At the southern end of James Bay lies Puerto Egas, our landing place. The landing here is a wet one, on to a volcanic black sand beach. One thing that struck me during our week in the Galápagos was the variety in the colour of the islands’ beaches – black here on Santiago, white on many others (e.g. Española, North Seymour and Sombrero Chino), yellow on Bartolomé, and even red on Rabida. Fabian explained that the dark colours, as here, soak up the sun’s heat and can become uncomfortable for the sea lions and other animals on a hot day, whereas the white beaches of many of the islands stay cool because they reflect the sun’s rays rather than absorbing them.

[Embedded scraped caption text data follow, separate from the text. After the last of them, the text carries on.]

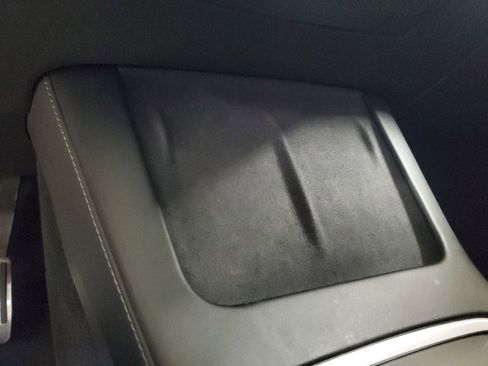 Used 2022 Tesla Model Y Long Range image 27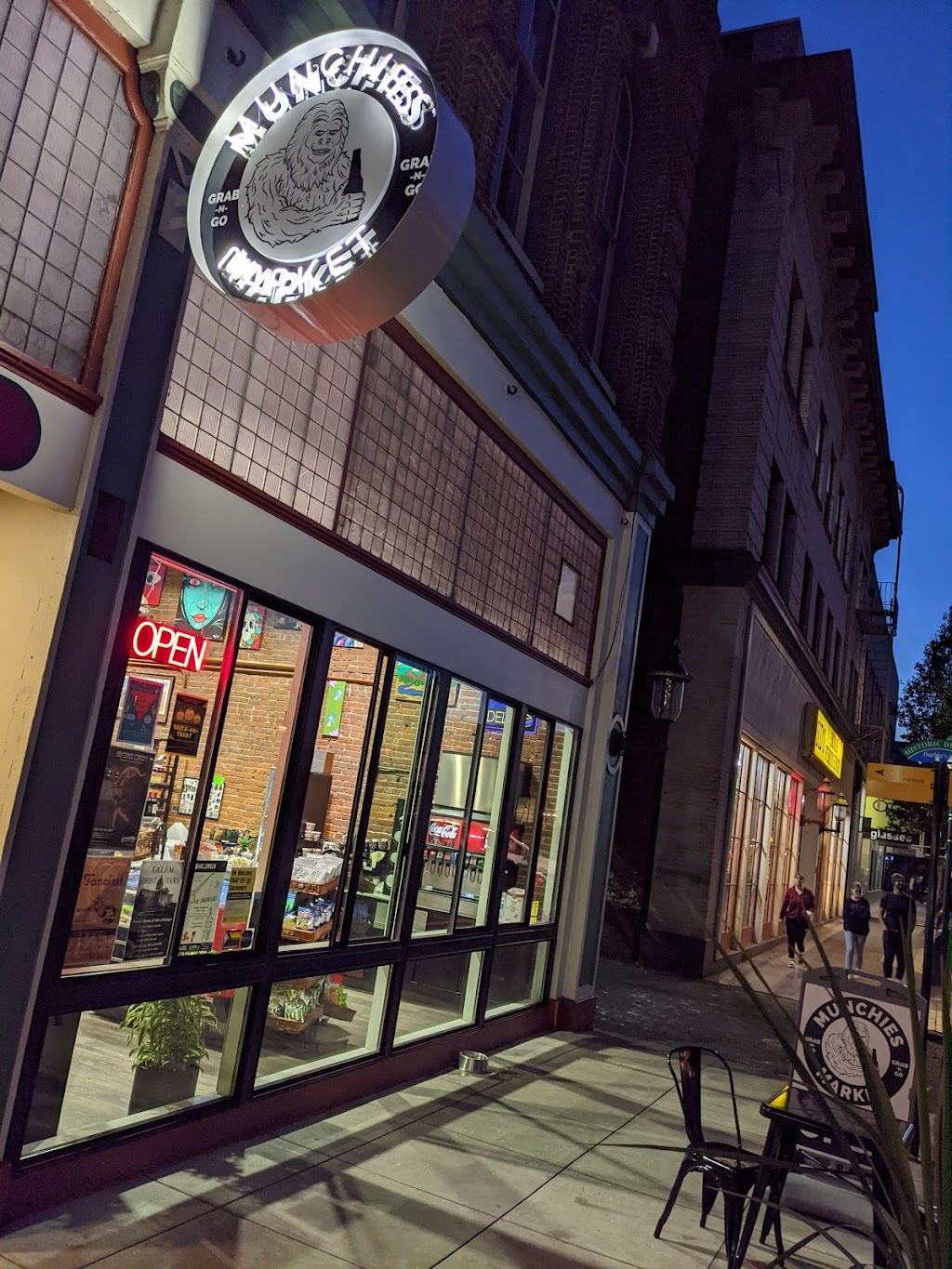 Munchies Market | restaurant | Court Street side of the Reed Opera House, 189 Liberty St NE Suite 107, Salem, OR 97301, USA | 5033027244 OR +1 503-302-7244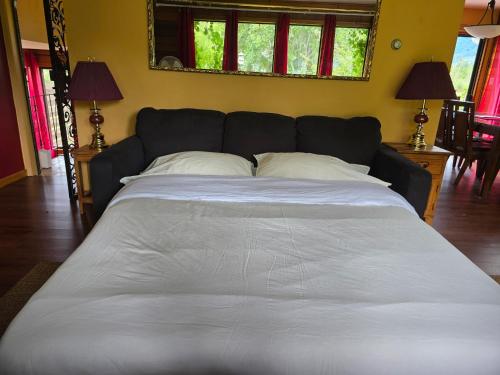 4 bedrooms, 6 beds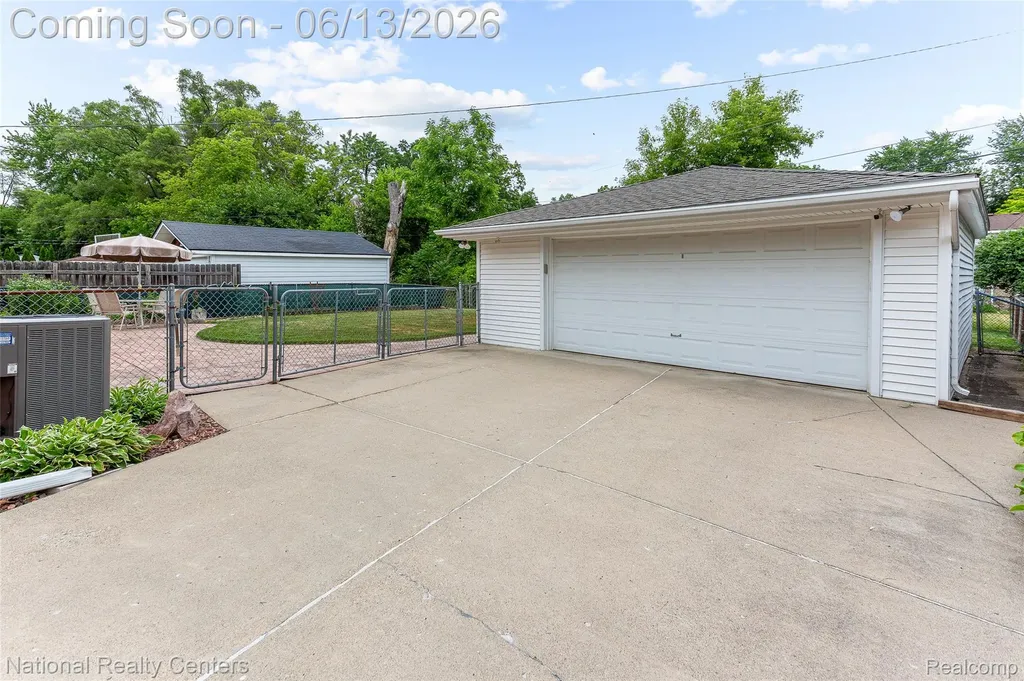 23054 Cora Avenue Farmington Hills City MI 48336
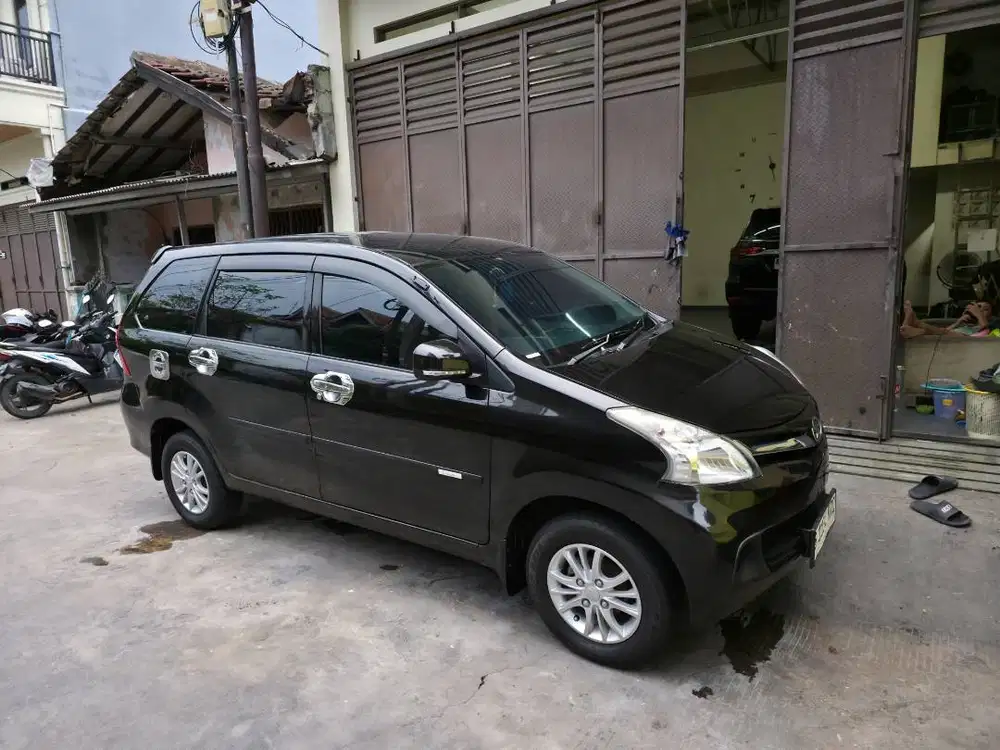 Daihatsu Xenia R Deluxe 1300cc Manual MT Tahun 2015 Hitam , 2014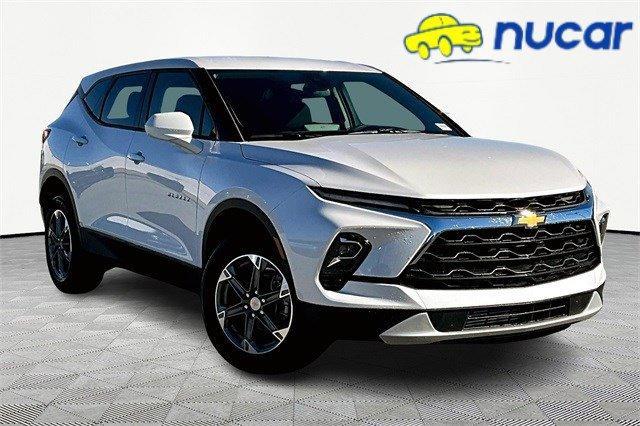 new 2025 Chevrolet Blazer car, priced at $33,330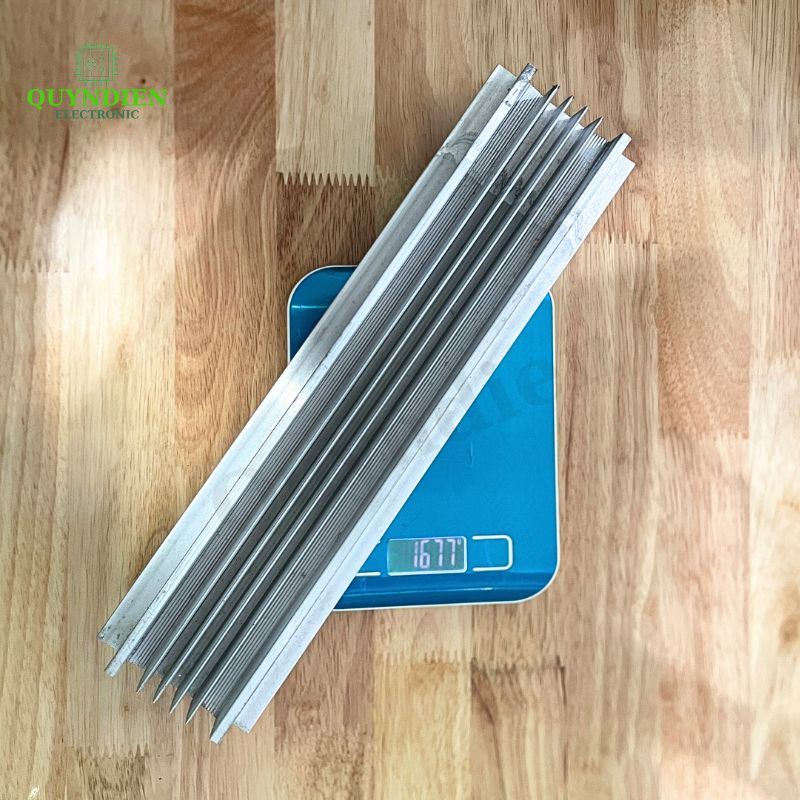 Nhôm 2U dài 330mm (330x84x58mm) loại dày, tản nhiệt cho main công suất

When it is hot, therefore, you will see more sea lions on a white beach than on a black one.

However, we were here pretty early, at about 6.30 AM, and heat wasn’t a problem, so we were met as so often by a small welcoming committee of Galápagos sea lions. There were also a few blue-footed boobies on the low cliffs alongside the beach, some oyster-catchers and other sea birds.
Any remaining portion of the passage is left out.